I've been thinking lately about building a white board web app. I can think of a number of benefits that this would offer, but I have also been wondering if not having the mental separation that you pointed out would overshadow all the possible benefits.


Quit smoking!


a window


heh the window is behind from where I took that photo


I work at home in a non-distinct office. I wish that I had my own office some where in the house but the place just isn't big enough to accommodate that scenario.

I am going to try to arrange for this in my next move, though. I find that I have a much easier time concentrating when I can "separate" myself from the rest of the house with the option of wandering about the house with a laptop when I see fit.


I do my "work for money" work at an office, but all of my side project work at home without any kind of office.


In the lab, at school, for the ~30 hours immediately before a project is due. I know my time management skills are non-existent, but I actually quite enjoy coding non-stop for over a day. I usually bring my coffee maker and a bunch of fruit and have at 'er.


I used to have a home office, but we moved into an (allegedly) temporary place and my desk is just in a corner of the living room now. It's not anything approaching ideal and we're hoping to buy a house soon so I can have my office back.


I work in two separate office for most of my time (in Sunnivale and Mountain View), primarily at home during weekend, and in some coffee shop when I am in San Francisco or in other places.


I used to work at a desk shoved into the corner of the guest bedroom. We recently moved the bed out and now it's a dedicated home office.

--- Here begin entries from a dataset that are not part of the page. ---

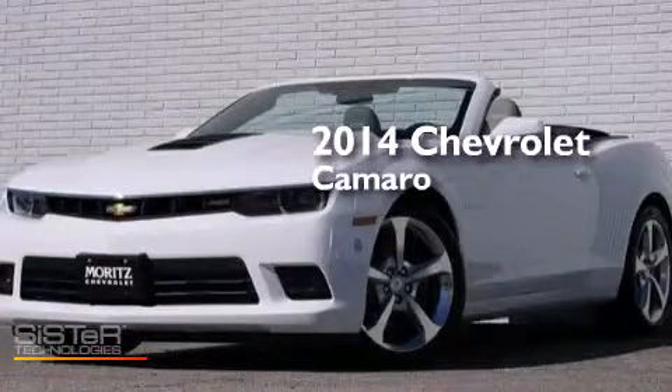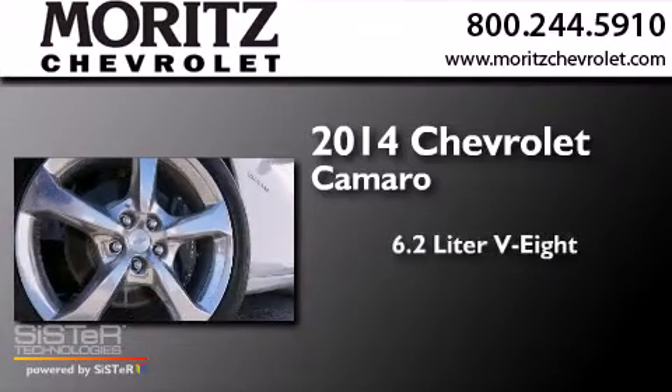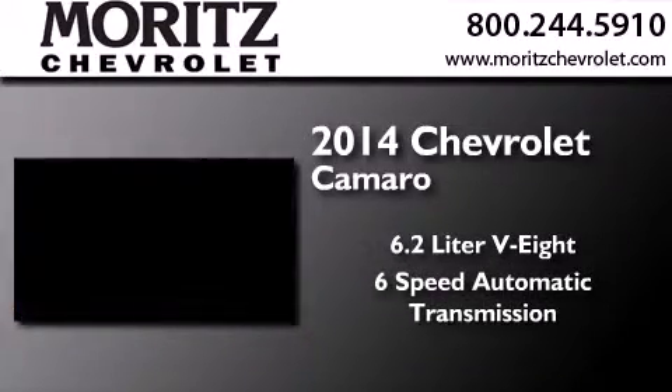This is a brand new 2014 Chevrolet Camaro. It features a 6.2 liter 8-cylinder engine and a 6-speed automatic transmission.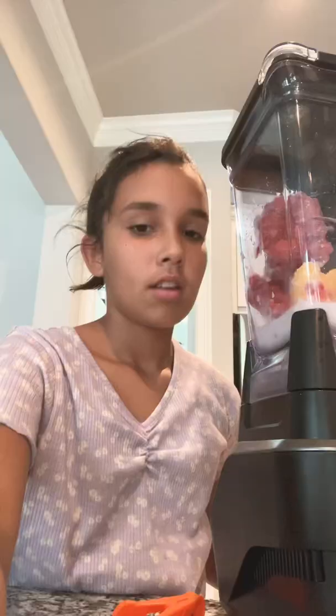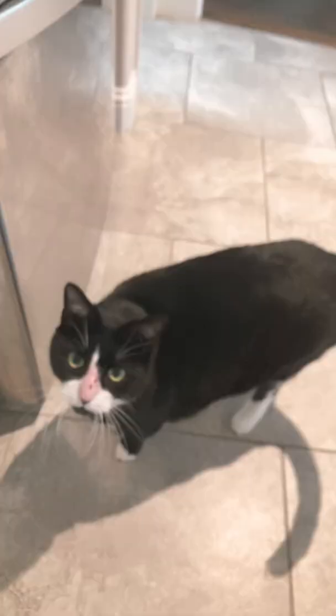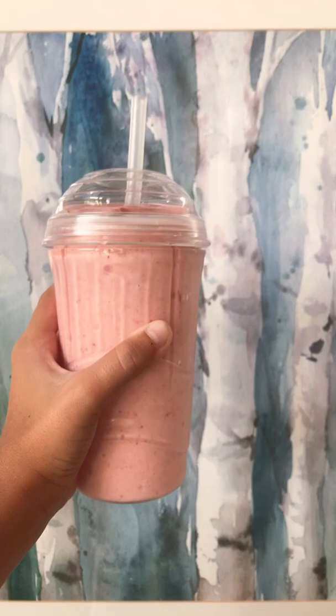I added some milk and I'm gonna add some sugar to make it more flavorful. Blend. Here's the cup I'm using — final product.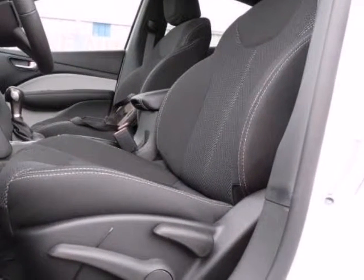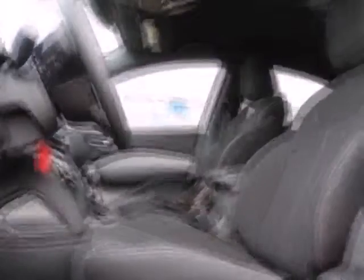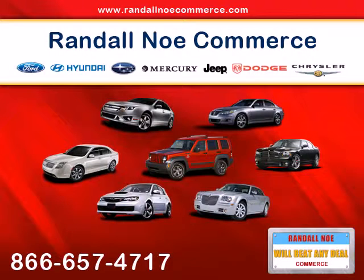Under the hood you will find the 4-cylinder 2.4-liter coupled with the 6-speed automatic. Purchase this Dodge with confidence knowing it is backed with a 36-month/36,000-mile warranty.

I find it much easier to focus and be productive.


Other: my garage... but there's two small offices built out here.


Some time at home, some time at the office (small software comp) and since I move away from the place where I work I enjoy my laptop in the train to work on my own stuff.

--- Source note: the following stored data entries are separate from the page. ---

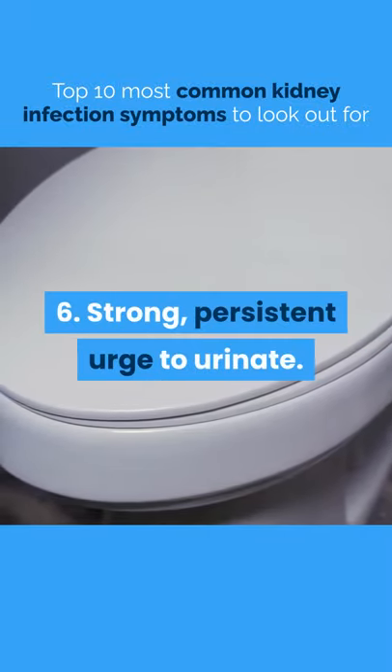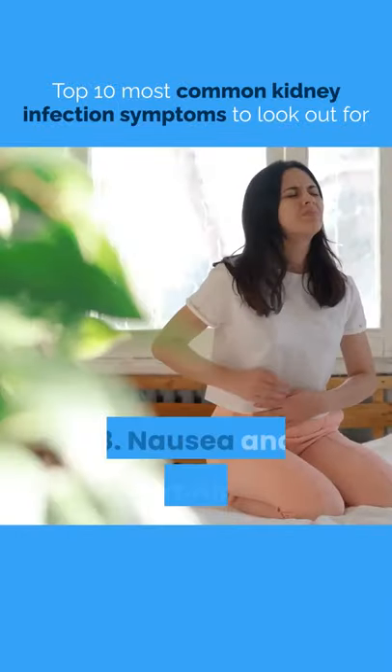6. Strong, Persistent Urge To Urinate. 7. Burning Sensation Or Pain When Urinating. 8. Nausea And Vomiting.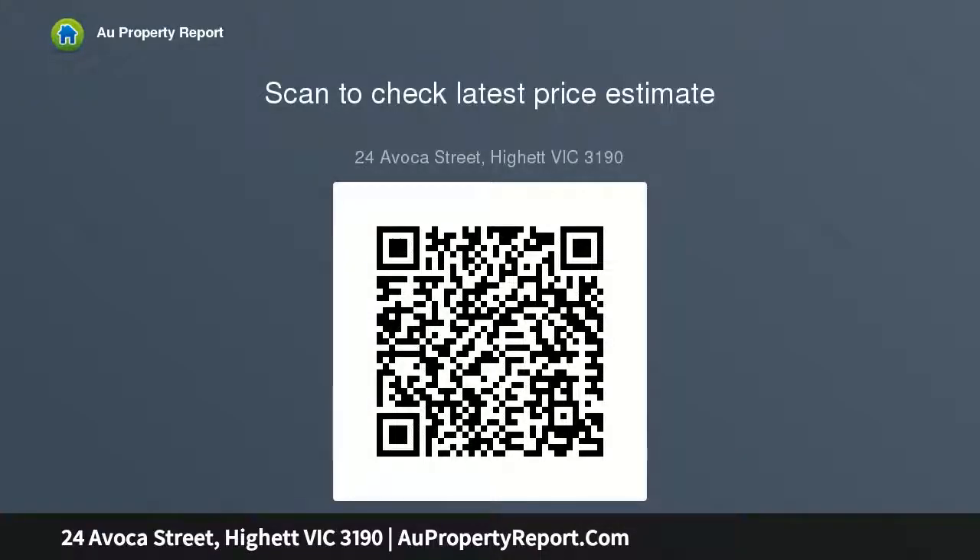Alternatively, on approximately 654 sqm and enjoying close proximity to leading schools, public transport, and shops in the bay, this could be the perfect site for your new family home, STCA. For more information about this potential, please get in touch.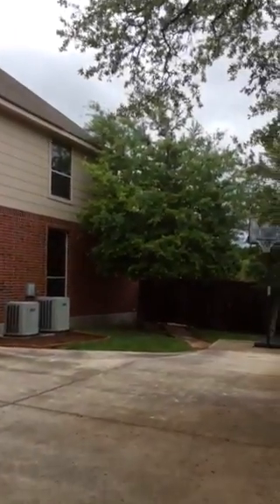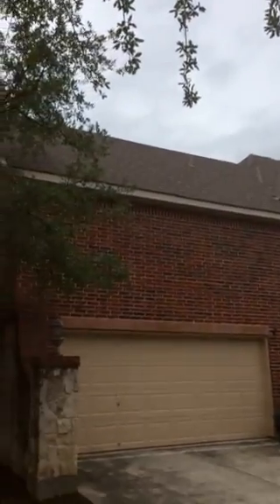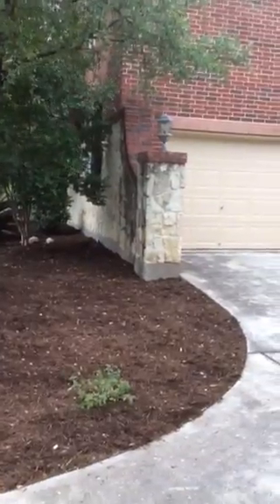Another tree right here needs to be trimmed back at the roof. If you look, it's in good shape. You've got three sides brick and one side stone, so there's no stucco or hardy plank.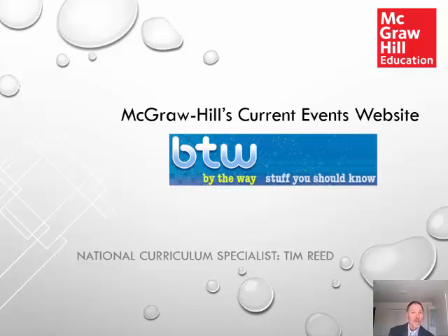Welcome to this video that will focus on McGraw-Hill's current events website, BTW — By the Way — Stuff You Should Know. This is a website McGraw-Hill is offering to teachers, parents, and students, and provides curated current events with activities and skill-building opportunities.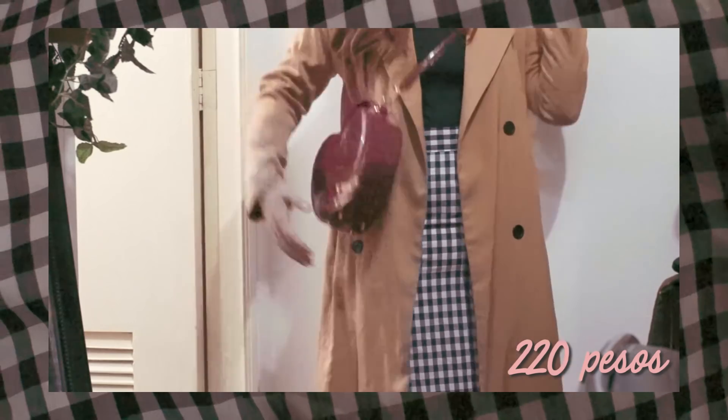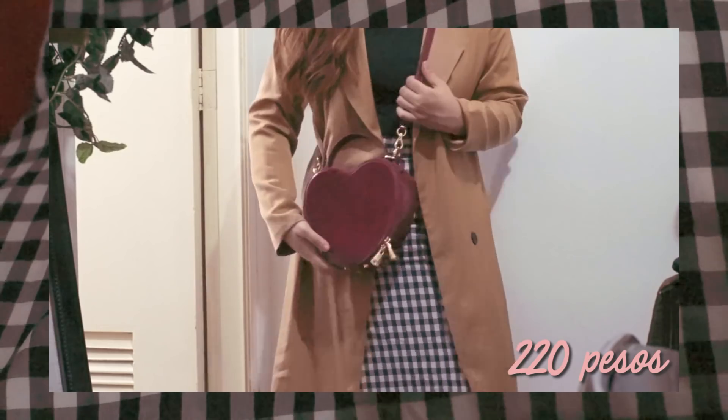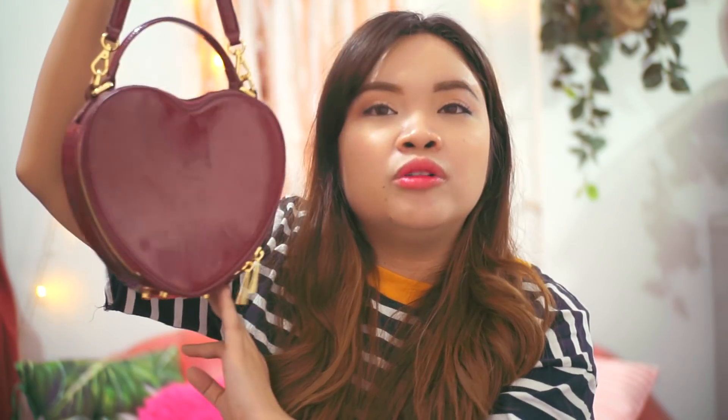Dahil nasa bag na lang rin tayo, papakita ko sa inyo yung sunod na bag na binili ko sa ukay. Alam ko medyo mahal siya para sa isang inukay na gamit, pero sobrang ganda niya, guys. Hindi ko siya mapabayaan. Nung una ko siyang nakita, hindi ko siya agad binili, but I went back kasi I couldn't stop thinking about it because it's so pretty. It is this heart-shaped bag — sobrang liit lang niya, hindi karamihan yung malalagay ko sa loob, pero sobrang cute niya. It was 250 originally, pero napakiusapan din si ate, and nabili ko siya for 220.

At home, in a distinct office, with a nice automatic espresso machine upstairs, so it's kind of like being in a coffee shop, only much cheaper and less distracting.


Day-job work at office; Part-time startup work at home without a distinct office. Since day-job has more hours/day, i voted "An office (not a home)"


I'm a student. I pretty much work wherever I happen to be, but I prefer coffee shops and the such (or empty classrooms).


A brick-and-mortar computer repair shop, inside a "strip mall" style shopping complex.


I work in Brooklyn. hehe..


I guess 'in bed' counts as 'without a distinct office', right?


Unless you're a prostitute and you have a separate bed for entertaining clients, yes.


I'd like to see a poll on which country people work in.


Deal. You make the poll, I tell you where i work.


At home (Home Office)


Dorm room


a lab at a university


I think some of the most amazing 10-20 liners of code I've written, I wrote in my dreams. Made a major effort to memorize them, and then implemented once I got to a computer.


Related to this, it's amazing when your away from the computer and not really engaged in anything you can think back to a piece of code that was giving you trouble and come up with a fix you couldn't think of while working at a screen.


Or more surprising, twigging a bug in some code you previously considered fine :)


Reminds me of the other day, picking a random transaction and following it's results across about 5 database tables, turned out that one network had a passthrough data size limit of 50 characters. Don't think this would have shown itself for a long time had I not randomly decided to follow the logic path.


Once in a fevered dream (literally) I reimplemented Puyo Puyo in elisp as a derived mode of M-x tetris. It was a blast.

http://en.wikipedia.org/wiki/Puyo_Puyo_(series)


I go to the office every day but I do about 50% of my work from home.